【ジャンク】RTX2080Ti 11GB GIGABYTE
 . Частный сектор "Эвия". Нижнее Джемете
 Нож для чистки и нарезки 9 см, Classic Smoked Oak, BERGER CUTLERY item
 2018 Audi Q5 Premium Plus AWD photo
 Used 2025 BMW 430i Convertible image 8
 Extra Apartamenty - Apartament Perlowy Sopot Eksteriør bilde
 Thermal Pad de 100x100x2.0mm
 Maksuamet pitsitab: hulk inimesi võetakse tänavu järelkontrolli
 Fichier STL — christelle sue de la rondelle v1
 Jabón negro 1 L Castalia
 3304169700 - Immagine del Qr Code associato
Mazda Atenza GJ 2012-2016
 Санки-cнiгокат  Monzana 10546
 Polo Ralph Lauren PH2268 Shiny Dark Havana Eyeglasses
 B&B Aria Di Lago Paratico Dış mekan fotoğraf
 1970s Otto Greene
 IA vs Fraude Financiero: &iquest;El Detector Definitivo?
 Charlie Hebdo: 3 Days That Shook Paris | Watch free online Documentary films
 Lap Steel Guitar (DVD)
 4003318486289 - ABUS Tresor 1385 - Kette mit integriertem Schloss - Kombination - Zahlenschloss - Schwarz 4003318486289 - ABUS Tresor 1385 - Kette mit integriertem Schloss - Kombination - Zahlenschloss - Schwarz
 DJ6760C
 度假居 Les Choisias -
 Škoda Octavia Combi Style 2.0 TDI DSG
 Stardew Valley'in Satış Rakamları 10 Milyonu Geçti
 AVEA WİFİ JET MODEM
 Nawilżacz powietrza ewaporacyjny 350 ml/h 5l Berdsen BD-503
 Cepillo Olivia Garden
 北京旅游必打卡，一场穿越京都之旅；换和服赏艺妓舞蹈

-----

EXERCISE GOAL
Could you set down, word for word, only the lines above from the line with "- Schwarz 4003318486289" to the line with "Nawilżacz powietrza ewaporacyjny", including both?

RESULT FOR THIS EXERCISE
 4003318486289 - ABUS Tresor 1385 - Kette mit integriertem Schloss - Kombination - Zahlenschloss - Schwarz 4003318486289 - ABUS Tresor 1385 - Kette mit integriertem Schloss - Kombination - Zahlenschloss - Schwarz
 DJ6760C
 度假居 Les Choisias -
 Škoda Octavia Combi Style 2.0 TDI DSG
 Stardew Valley'in Satış Rakamları 10 Milyonu Geçti
 AVEA WİFİ JET MODEM
 Nawilżacz powietrza ewaporacyjny 350 ml/h 5l Berdsen BD-503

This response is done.